Information Strategy arrives: Information-power to the people!

The much anticipated Information Strategy was delivered on Monday morning and as you would expect surrounded by much commentary, unveiling a series of ambitious yet logical plans, designed to enable IT to support health secretary Andrew Lansley’s entrenched mantra “nothing about me, without me”.

The long-awaited strategy is intended as a 10-year framework to transform information for health and care, and a response to the consultation on Liberating the NHS: an information revolution. The strategy, developed after extensive consultation, sets out a framework for changes and is titled ‘The power of information: Putting us all in control of the health and care information we need’.

The document states that as part of this transformation, information must become “regarded as a health and social care service in its own right”. It says there is a need to catalyse a cultural shift in favour of information sharing and information enabled services.

Summarising the content EHI reported how the strategy urges health and social care services to make full use of online technologies to put patients in control of their health records and that it puts a particular emphasis on the creation of portals for patients, health professionals, commissioners and researchers, in a series of moves that Andrew Lansley says will free up the “power” of information.

Meanwhile the Guardian reported on the King’s Fund’s response, who issued a warning, stating that the strategy raises technical and financial challenges and will rely on the pace and scale of local take up.
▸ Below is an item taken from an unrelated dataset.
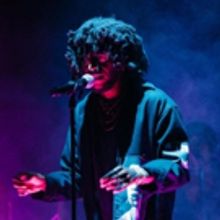 VIDEO: 6lack Kicks Off Apple Music Up Next Series with Performance of 'PRBLMS'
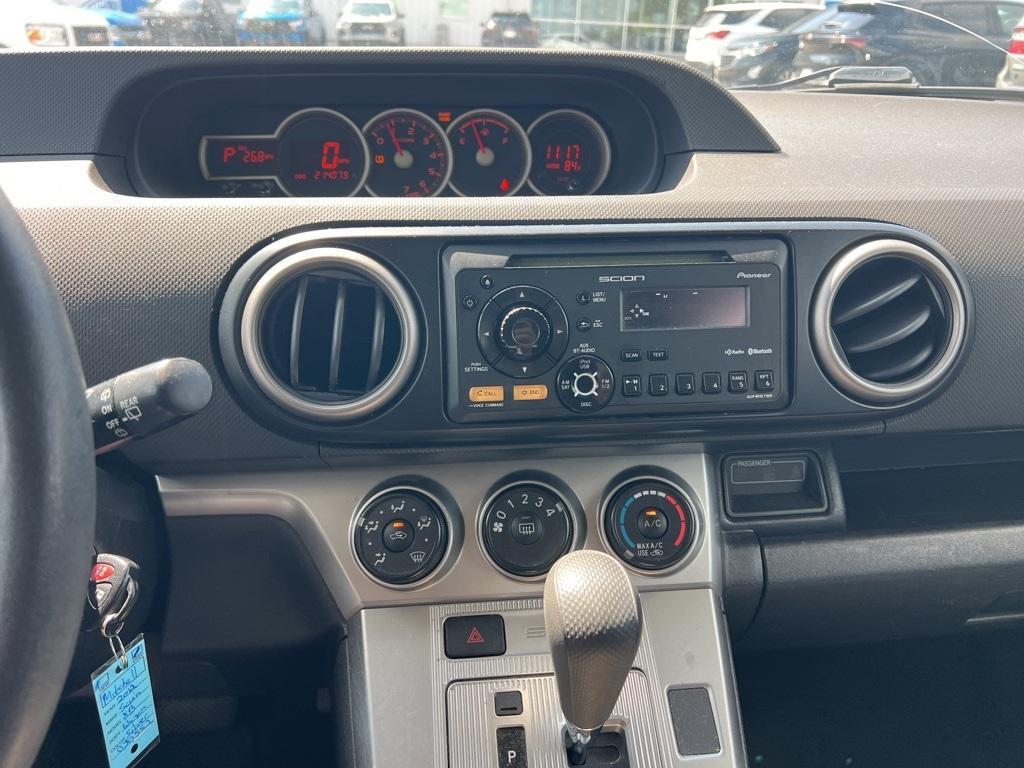 used 2012 Scion xB car, priced at $2,900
Dr Veena Raleigh, a senior fellow at the health think-tank commented: “While we welcome the ambition and direction of the strategy, at a time of unprecedented financial constraint, some commissioners and providers will find it challenging to invest in developing information systems rather than frontline services.”

If by 2015, all general practices will be expected to enable patients to book and cancel appointments, order repeat prescriptions, and access their records online, surely IT enabled access to health and care information is in a sense a frontline service.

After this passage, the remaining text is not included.